Extract each line of the data below exactly as written.
BEGIN Entries shown
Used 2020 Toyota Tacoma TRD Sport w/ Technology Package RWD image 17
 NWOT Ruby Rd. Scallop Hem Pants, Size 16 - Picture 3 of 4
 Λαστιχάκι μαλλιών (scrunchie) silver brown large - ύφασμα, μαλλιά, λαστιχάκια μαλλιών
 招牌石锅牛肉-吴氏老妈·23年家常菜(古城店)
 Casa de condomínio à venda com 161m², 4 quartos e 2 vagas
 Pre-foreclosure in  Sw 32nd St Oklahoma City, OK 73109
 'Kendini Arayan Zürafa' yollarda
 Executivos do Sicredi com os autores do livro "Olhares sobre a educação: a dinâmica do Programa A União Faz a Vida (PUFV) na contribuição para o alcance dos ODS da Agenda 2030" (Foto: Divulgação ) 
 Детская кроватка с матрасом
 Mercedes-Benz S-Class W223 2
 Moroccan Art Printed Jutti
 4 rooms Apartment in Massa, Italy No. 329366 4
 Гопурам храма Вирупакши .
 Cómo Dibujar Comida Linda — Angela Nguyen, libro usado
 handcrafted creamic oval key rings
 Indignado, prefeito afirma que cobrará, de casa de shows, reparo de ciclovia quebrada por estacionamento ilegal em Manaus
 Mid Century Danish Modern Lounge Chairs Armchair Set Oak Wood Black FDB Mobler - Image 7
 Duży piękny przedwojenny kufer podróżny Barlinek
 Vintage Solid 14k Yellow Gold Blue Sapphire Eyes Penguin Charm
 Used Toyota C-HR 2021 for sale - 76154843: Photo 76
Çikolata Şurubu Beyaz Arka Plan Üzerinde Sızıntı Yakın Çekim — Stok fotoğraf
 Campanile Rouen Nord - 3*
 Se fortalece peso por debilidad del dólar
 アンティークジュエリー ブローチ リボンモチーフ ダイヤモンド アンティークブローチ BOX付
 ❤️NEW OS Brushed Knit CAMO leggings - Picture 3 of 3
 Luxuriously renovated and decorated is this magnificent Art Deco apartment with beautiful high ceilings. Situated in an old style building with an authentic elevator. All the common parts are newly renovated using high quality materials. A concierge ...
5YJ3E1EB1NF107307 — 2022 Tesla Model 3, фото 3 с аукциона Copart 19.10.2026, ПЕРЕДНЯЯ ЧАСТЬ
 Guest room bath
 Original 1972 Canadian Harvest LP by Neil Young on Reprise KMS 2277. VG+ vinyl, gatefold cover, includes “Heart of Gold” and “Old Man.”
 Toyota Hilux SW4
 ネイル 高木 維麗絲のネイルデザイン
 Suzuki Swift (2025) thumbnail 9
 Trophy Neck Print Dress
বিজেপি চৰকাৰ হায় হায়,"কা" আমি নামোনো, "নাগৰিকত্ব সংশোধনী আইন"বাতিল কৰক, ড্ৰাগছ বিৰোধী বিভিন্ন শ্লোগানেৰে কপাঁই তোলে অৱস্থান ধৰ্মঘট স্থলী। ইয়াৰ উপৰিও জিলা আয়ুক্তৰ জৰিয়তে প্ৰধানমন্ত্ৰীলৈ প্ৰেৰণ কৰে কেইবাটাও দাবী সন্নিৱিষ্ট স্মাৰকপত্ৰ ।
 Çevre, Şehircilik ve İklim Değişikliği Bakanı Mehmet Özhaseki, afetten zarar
END Entries shown
Answer to this problem:
Used 2020 Toyota Tacoma TRD Sport w/ Technology Package RWD image 17
 NWOT Ruby Rd. Scallop Hem Pants, Size 16 - Picture 3 of 4
 Λαστιχάκι μαλλιών (scrunchie) silver brown large - ύφασμα, μαλλιά, λαστιχάκια μαλλιών
 招牌石锅牛肉-吴氏老妈·23年家常菜(古城店)
 Casa de condomínio à venda com 161m², 4 quartos e 2 vagas
 Pre-foreclosure in  Sw 32nd St Oklahoma City, OK 73109
 'Kendini Arayan Zürafa' yollarda
 Executivos do Sicredi com os autores do livro "Olhares sobre a educação: a dinâmica do Programa A União Faz a Vida (PUFV) na contribuição para o alcance dos ODS da Agenda 2030" (Foto: Divulgação ) 
 Детская кроватка с матрасом
 Mercedes-Benz S-Class W223 2
 Moroccan Art Printed Jutti
 4 rooms Apartment in Massa, Italy No. 329366 4
 Гопурам храма Вирупакши .
 Cómo Dibujar Comida Linda — Angela Nguyen, libro usado
 handcrafted creamic oval key rings
 Indignado, prefeito afirma que cobrará, de casa de shows, reparo de ciclovia quebrada por estacionamento ilegal em Manaus
 Mid Century Danish Modern Lounge Chairs Armchair Set Oak Wood Black FDB Mobler - Image 7
 Duży piękny przedwojenny kufer podróżny Barlinek
 Vintage Solid 14k Yellow Gold Blue Sapphire Eyes Penguin Charm
 Used Toyota C-HR 2021 for sale - 76154843: Photo 76
Çikolata Şurubu Beyaz Arka Plan Üzerinde Sızıntı Yakın Çekim — Stok fotoğraf
 Campanile Rouen Nord - 3*
 Se fortalece peso por debilidad del dólar
 アンティークジュエリー ブローチ リボンモチーフ ダイヤモンド アンティークブローチ BOX付
 ❤️NEW OS Brushed Knit CAMO leggings - Picture 3 of 3
 Luxuriously renovated and decorated is this magnificent Art Deco apartment with beautiful high ceilings. Situated in an old style building with an authentic elevator. All the common parts are newly renovated using high quality materials. A concierge ...
5YJ3E1EB1NF107307 — 2022 Tesla Model 3, фото 3 с аукциона Copart 19.10.2026, ПЕРЕДНЯЯ ЧАСТЬ
 Guest room bath
 Original 1972 Canadian Harvest LP by Neil Young on Reprise KMS 2277. VG+ vinyl, gatefold cover, includes “Heart of Gold” and “Old Man.”
 Toyota Hilux SW4
 ネイル 高木 維麗絲のネイルデザイン
 Suzuki Swift (2025) thumbnail 9
 Trophy Neck Print Dress
বিজেপি চৰকাৰ হায় হায়,"কা" আমি নামোনো, "নাগৰিকত্ব সংশোধনী আইন"বাতিল কৰক, ড্ৰাগছ বিৰোধী বিভিন্ন শ্লোগানেৰে কপাঁই তোলে অৱস্থান ধৰ্মঘট স্থলী। ইয়াৰ উপৰিও জিলা আয়ুক্তৰ জৰিয়তে প্ৰধানমন্ত্ৰীলৈ প্ৰেৰণ কৰে কেইবাটাও দাবী সন্নিৱিষ্ট স্মাৰকপত্ৰ ।
 Çevre, Şehircilik ve İklim Değişikliği Bakanı Mehmet Özhaseki, afetten zarar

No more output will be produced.